Attached is PoC v2, which fully replaces the hash table with radix
tree and passes regression tests.
The architecture is still one of tidbitmap.c having it's own tree of
(fixed length) PagetableEntries. The eventual goal is for vacuum and
tidbitmap to both use TID store in some form, but there are some
architectural issues to work out first.
0001 temporarily gets rid of the tidbitmap one-page cache so I could
always count on the hash table and radix tree having matching contents
during development, barring bugs. I'm curious how important it is, so
it doesn't yet get put back in this patch set.
0002 temporarily gets turns off page lossification for the same reason
of matching contents. (Still not reimplemented)
0003 makes some radix tree APIs more similar to simplehash, in a
backward compatible way.
0004 is a step towards putting allocation of tree values in the
caller's hands. This will be even more necessary when doing unions and
intersections with variable-length bitmaps (not yet implemented).
0005 make it easier to add new tree APIs that aren't used everywhere.
0006 RT_BEGIN_ITERATE_AT, similar to simplehash. This is a
prerequisite for 0007, and could also be used for shared iteration.
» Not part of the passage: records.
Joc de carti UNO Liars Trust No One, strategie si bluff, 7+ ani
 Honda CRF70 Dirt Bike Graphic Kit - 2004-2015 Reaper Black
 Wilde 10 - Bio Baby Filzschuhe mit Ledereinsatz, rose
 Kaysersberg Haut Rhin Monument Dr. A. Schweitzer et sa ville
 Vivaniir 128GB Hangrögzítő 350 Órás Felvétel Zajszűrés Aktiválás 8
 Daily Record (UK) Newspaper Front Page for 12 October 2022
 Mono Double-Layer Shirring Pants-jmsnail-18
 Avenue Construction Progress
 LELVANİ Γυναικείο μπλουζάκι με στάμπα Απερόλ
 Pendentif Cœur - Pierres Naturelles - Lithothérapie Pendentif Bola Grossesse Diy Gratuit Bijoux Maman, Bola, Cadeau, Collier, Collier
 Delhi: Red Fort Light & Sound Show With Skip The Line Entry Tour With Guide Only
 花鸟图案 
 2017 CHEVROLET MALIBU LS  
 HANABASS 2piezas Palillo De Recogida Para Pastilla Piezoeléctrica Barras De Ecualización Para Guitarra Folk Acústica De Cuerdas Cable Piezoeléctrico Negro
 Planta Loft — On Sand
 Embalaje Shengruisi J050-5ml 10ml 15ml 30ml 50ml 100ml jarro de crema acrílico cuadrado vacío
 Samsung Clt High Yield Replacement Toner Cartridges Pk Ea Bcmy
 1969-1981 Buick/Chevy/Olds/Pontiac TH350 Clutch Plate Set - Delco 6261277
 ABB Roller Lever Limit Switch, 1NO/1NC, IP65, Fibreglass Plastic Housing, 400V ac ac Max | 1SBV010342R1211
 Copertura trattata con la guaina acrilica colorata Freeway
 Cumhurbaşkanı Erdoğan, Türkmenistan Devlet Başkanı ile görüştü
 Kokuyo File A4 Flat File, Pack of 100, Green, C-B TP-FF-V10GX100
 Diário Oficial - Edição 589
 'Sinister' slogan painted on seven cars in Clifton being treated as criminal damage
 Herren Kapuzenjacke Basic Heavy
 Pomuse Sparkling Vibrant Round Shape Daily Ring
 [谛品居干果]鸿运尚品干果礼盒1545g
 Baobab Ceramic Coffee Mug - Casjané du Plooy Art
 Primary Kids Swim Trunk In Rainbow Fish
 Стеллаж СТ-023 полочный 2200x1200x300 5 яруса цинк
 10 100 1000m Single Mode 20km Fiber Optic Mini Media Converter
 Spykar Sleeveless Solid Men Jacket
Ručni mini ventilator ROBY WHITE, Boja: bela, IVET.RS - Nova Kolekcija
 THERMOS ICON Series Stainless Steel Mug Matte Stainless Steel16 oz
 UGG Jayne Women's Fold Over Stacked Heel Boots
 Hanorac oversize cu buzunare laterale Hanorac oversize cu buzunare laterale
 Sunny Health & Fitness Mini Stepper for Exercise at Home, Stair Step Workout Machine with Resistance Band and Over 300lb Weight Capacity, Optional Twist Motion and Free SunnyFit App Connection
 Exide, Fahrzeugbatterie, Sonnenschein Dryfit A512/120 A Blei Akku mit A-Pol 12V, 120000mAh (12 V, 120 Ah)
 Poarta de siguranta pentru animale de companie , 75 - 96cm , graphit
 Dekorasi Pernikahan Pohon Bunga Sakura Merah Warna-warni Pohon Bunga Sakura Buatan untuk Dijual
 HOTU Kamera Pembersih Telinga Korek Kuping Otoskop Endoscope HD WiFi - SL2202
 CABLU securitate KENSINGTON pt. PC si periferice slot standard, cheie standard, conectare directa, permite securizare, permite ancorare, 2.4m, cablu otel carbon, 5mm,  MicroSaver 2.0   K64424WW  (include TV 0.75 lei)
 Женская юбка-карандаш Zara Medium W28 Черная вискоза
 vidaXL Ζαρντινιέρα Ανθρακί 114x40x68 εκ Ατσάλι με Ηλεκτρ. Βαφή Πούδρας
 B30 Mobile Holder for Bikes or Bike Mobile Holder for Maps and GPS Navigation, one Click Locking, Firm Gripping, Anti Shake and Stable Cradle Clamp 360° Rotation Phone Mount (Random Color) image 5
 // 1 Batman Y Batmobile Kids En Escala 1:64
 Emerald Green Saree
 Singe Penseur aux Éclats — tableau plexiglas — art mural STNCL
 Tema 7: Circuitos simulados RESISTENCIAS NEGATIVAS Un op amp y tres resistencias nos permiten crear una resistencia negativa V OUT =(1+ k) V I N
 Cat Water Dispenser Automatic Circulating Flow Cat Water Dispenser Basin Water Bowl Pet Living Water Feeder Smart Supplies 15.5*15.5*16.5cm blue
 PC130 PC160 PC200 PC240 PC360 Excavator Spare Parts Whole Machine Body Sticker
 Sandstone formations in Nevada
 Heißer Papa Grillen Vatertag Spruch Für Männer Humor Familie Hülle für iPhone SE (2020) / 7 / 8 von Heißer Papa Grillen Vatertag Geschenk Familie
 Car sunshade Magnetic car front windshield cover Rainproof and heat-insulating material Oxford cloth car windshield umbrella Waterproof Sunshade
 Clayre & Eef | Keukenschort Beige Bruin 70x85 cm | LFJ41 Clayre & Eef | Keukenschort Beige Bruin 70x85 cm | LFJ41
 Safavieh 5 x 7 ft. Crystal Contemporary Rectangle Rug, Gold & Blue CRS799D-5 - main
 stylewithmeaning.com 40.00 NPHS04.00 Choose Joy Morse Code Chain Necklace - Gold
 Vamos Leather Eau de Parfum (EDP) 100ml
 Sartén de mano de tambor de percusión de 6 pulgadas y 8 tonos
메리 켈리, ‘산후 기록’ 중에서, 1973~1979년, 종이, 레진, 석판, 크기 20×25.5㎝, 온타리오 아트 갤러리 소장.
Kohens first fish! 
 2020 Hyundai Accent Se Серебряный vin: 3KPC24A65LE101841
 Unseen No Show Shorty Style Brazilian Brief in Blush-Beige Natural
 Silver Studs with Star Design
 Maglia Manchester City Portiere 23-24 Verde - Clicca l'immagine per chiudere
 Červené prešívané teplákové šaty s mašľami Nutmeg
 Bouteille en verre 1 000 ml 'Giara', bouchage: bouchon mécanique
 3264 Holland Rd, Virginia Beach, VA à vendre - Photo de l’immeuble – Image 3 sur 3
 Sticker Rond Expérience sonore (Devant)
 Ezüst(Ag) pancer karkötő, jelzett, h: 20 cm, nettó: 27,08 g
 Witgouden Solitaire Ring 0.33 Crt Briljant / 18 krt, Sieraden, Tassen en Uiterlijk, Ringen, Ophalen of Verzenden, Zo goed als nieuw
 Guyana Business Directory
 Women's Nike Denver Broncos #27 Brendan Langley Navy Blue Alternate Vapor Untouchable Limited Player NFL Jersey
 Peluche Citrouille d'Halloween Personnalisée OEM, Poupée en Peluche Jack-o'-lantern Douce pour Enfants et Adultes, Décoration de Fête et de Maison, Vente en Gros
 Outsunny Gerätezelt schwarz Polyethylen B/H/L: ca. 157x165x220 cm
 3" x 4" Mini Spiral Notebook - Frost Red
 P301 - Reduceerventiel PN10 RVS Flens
This implementation is naive and may slow down iteration, but that can
easily be fixed.
On Thu, Jul 3, 2025 at 3:43 PM I wrote:
> Second issue: TBM intersection
> 1) Radix tree iteration assumes that no one will delete keys out from
> under it. That includes the caller itself! This is not sufficient for
> intersecting bitmaps. I kluged around it by saving
> blocks-to-be-deleted in a stack array, but a proper solution could be
> to (vigorous handwaving)
> 1) save per-leaf-node keys in the iterator
> 2) delete the keys when iteration leaves that node, possibly with a
> bulk-delete mechanism
> 3) restart iteration from the top, at the next part of the key space
0007 implements the above (but no bulk deletion). It's so far only
used for intersection, but will also be the basis for page
lossification. Because latter requires inserts as well as deletes, it
could be tricky to do nicely. Compared to the hash table, retail
deletion is likely slower in general, but since they're batched per
leaf node it might be okay. 0006 and 0007 were tricky to get right,
and may contain bugs.
0008 is the main event. It's sloppy about memory management and
contains a kluge for the shared memory case: I was unable to quickly
adapt the existing relative pointer logic so I gave up and and
allocated a new DSA array, since it works and gets the point across.
There are new radix tree tests (separately, some of the existing ones
should be simplified to look more like the new bitmapset testing
module), but no new bitmap heap scan tests.
With some cleanups, restoring lossification, and maybe performance
work, the above could be the basis of a viable commit, since it has a
fairly small blast radius and gets rid of the qsort steps. However, I
believe it won't quite be enough on its own for a major release. For
that, we'd want
* variable-length keys to save memory, which would add some complexity
to union and intersection steps
* probably direct iteration over the tree, rather than via reference
arrays, which add memory and are no longer as useful because we don't
need a separate sorting step
* integration with TID store in some form
* adjustments to costing?
--
John Naylor
Amazon Web Services